Sentences that include groups of uppercase characters

txopi · January 9, 2019, 11:23am

I have a doubt about how to prepare the sentences that include groups of uppercase characters to express abbreviated terms. I’ll put examples in English, although my target language is Basque, but I think this issue is similar in many languages.

Abbreviations like FBI, BBC, KGB… are spelled letter-by-letter. Should I let them just as they are in the text ("FBI")? Or perhaps I should separate the letters with spaces ("F B I") so the after-processing work will recognize that they are separate letters and will expect people pronouncing spelled letters in the recordings?

Abbreviations like NATO, UNESCO, NASA… are pronounced as words because their syllabic configuration. Should I let them just as they are in the text ("NATO")? Or perhaps I should put them in lowercase ("nato") to differentiate them from the letter abbreviations?

I understand that writing both type of abbreviations as they are written in normal situations, will make the trained result poorer. But perhaps I’m wrong and nothing has to be done.

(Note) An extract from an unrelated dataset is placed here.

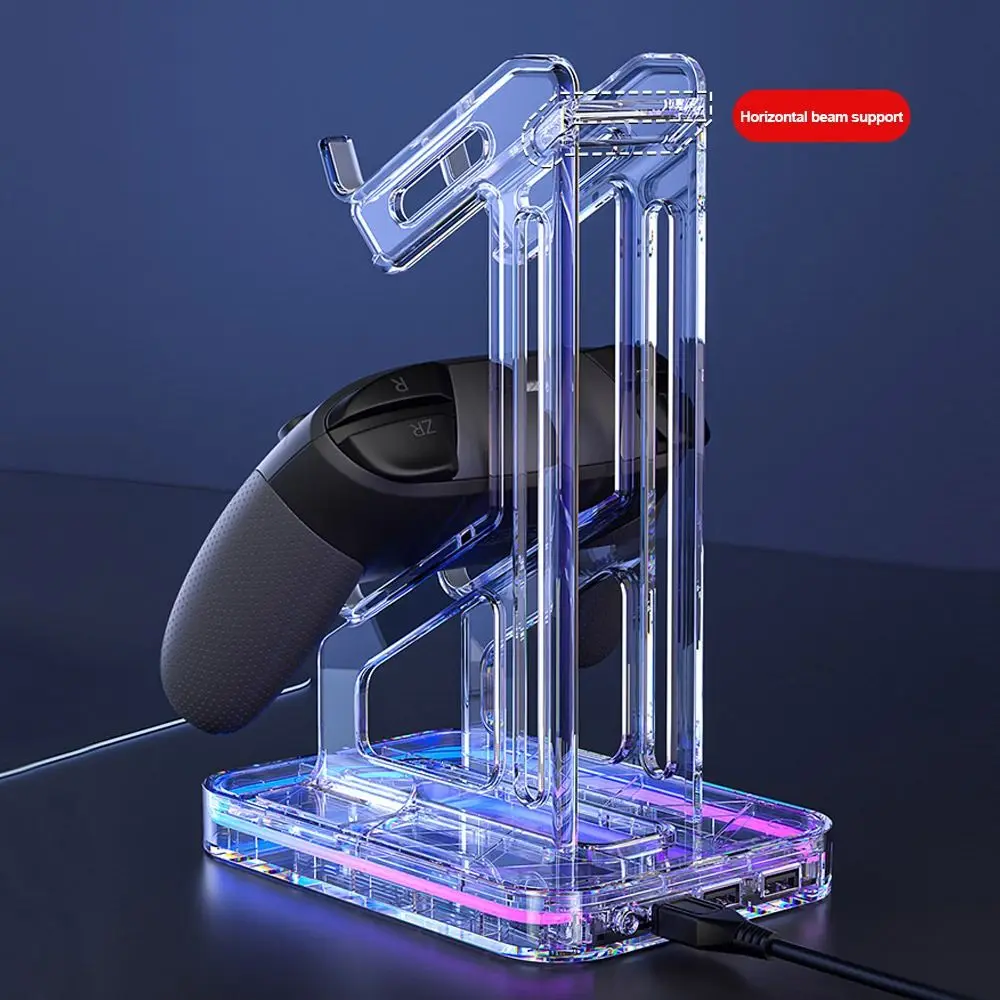 Replacement Universal Game Controller Stand Durable RGB Gamepad Holder Anti-slip Headset Holder for PS4/ PS5/Xbox ONE/Switch view 3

This is my doubt I would appreciate if someone can put some light in this subject or I’ll decide just to avoid all the abbreviations in the collected sentences. Unfortunately I suspect this decision also can produce a worse trained system, but I have no clue on deep learning techniques and perhaps I’m absolutely wrong.

What do you recommend me to do with Basque letter and syllable abbreviations?

davidak · December 17, 2018, 5:31pm

I think abbreviations should get pronounced like people would normally do since a STT engine should be able to handle that.

txopi · December 17, 2018, 5:31pm

Hi dabidak. My doubt isn’t how a speaker has to pronounce the words, but how to write them in the data set. You mean just write them as usual (NATO, BBC, UNESCO, FBI…) and the STT engine will make all the work by itself?
NOTE: There are also hybrid abbreviations like JPEG.

davidak · December 17, 2018, 5:31pm

Also there is would just write them how they occur in normal text.

nukeador · December 17, 2018, 5:31pm

@lsaunders and I will be meeting with the deep speech team soon to talk about this “cleaning” of the sentences so they are fully useful for the engine. We will let you know once we have the details.

nukeador · January 9, 2019, 11:24am

The sentence collection tool how to now has some guidance on requirements

https://common-voice.github.io/sentence-collector/#/how-to

dabinat · January 9, 2019, 5:45pm

Here’s a question: if the engine is capable of recognizing the letters U, S and A individually, does it really need to be taught the acronym USA?

txopi · January 9, 2019, 9:36pm

As far as I know, the engine doesn’t do what you say. You can find this explanation in the how to: Abbreviations and acronyms like “USA” or “ICE” should be avoided in the source text because they may be read in a way that does not coincide with their spelling. Additionally, there may be multiple accurate readings for a single abbreviation. For example, the acronym “ICE” could be pronounced “I-C-E” or as a single word.